Lutz, en tout cas, est demeuré fidèle lui-même, proposant, non sans nostalgie, un menu dit « souvenirs et parfums de mon pays natal : le Spreewald », généreusement tarifé 25 €, où le maquereau fumé au chou blanc et cumin, le sandre au beurre noisette et asperges, le pain perdu aux griottines et crème glacée à la vanille disent assez où le portent ses sentiments.
Mais cette « Heimat » n’est pas très loin, de cœur et d’esprit, de la Lorraine et du pays bitchois. Le foie gras d’oie en mille-feuille aux asperges et dés de jambon sauce aux truffes, le gravlax de cabillaud au confit de légumes et thym citron comme le si tendre gigot d’agneau du Bliesgau en Sarre aux artichauts avec sa polenta crémeuse et sa fougasse, avant le délice de rhubarbe et fraise avec chocolat blanc et crème glacée à la réglisse, qui constituent le menu dit Strasbourg à 47 € : voilà ce qui vous attend, donnant des idées de cette région-ci coincée entre Sarre et Bas-Rhin à l’extrême nord de la Moselle.

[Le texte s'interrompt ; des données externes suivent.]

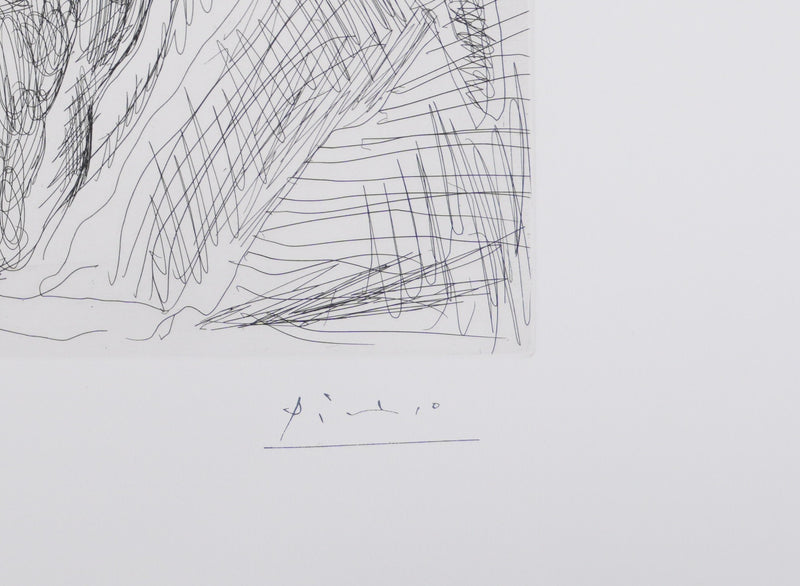 Pablo PICASSO : Les 156, Degas, en jaquette, se dessinant lui-même…, Gravure originale signée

Les menus alertes, les jolis vins d’une carte abondante où le meilleur est tarifé à bon prix, les mets variés, l’attentive de la charmeuse Cynthia, native de la région, qui veille à tout, plus les chambres sur le thème des voyages : voilà ce qui vous attend là avec gaîté. Les jardins pour la paix – situés au dessus du restaurant – dont Bitche la valeureuse s’est fait une spécialité sont là pour la digestion.
Il y aussi le grand menu dit de fête avec le tartare de gambas sauce bisque genre gaspacho, la solette farcie d’estragon avec crème citron, semoule de chou fleur ou l’œuf fermier poché avec ses copeaux de foie gras, son émulsion de pain fumé et sa purée de pommes de terre comme des instants choisis. Le consommé de confit de pigeon comme un « trou lorrain » fort digeste précède le filet de pigeon des Vosges avec sa purée de noix de cajou et son chou pak choï, enfin le dôme chocolaté avec son caramel et sa crème pralin parfumée à l’absinthe.
Ce sont là des idées qui changent, fusent, rusent. Lutz qui est le plus malicieux des cuisiniers de sa région frontalière, le plus ouvert aussi, du fait de ses origines, a soin de noter en liminaire sur sa carte le nom de ses fournisseurs amis. Les producteurs de fruits, de foie gras, de fromages, de légumes d’entre Troisfontaines et Sturzelbronn, les éleveurs d’agneau ou de pigeon, comme les producteurs d’escargots de Bliesgau, de Gugney-aux-Aux dans les Vosges ou de Buhl Lorraine sont les complices en gourmandise de ce conciliateur de goût qui est, assurément, le cuisinier le plus européen du Grand Est.